# A Taste of Zamboanga City..



## seram (Oct 12, 2011)

Not many foreigners get down to Zamboanga city so I hope you dont mind if I give you a small look at the place and what I get up to with my girls family...

I would like you to take note of the trike fees which are posted inside the trikes and also the cost of food and in particularly the beer. The beer ranges from 28 peso to 40 peso..

The hotel charges 980 peso a night and has a beautiful pool and great staff...

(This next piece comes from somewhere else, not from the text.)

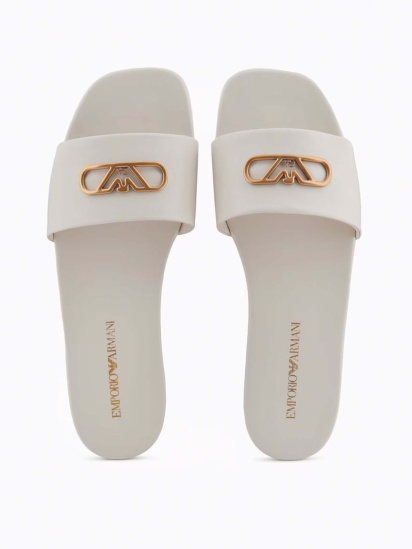 Emporio Armani X3P846-XF271-00894 модель X3P846-XF271-00894 — фото 4 - INTERTOP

The lack of foreigners has not inflated prices..regards


----------



## seram (Oct 12, 2011)

Here is the Family house in Putic, Zamboanga City...I think it would be typical of any house in any province...Also a couple of down town..regards


----------



## seram (Oct 12, 2011)

This is an example of getting on with the family and they being your security. You look after them and you can be sure they will look after you..My girls family are terrific with me..But then, I am the bread winner most of the time..regards


----------



## Asian Spirit (Mar 1, 2010)

Those are some great photos in the different posts and looks like you had a good time and lots of family around. People I know that have been there always comment on how clean the street and city is. From the looks of it in the pictures they are right. nice to see clean places without all the trash.
The prices look good on most things and makes it easier too having the prices posted. What I like are the trikes down there. Must be heavy trikes but drier in the rain too.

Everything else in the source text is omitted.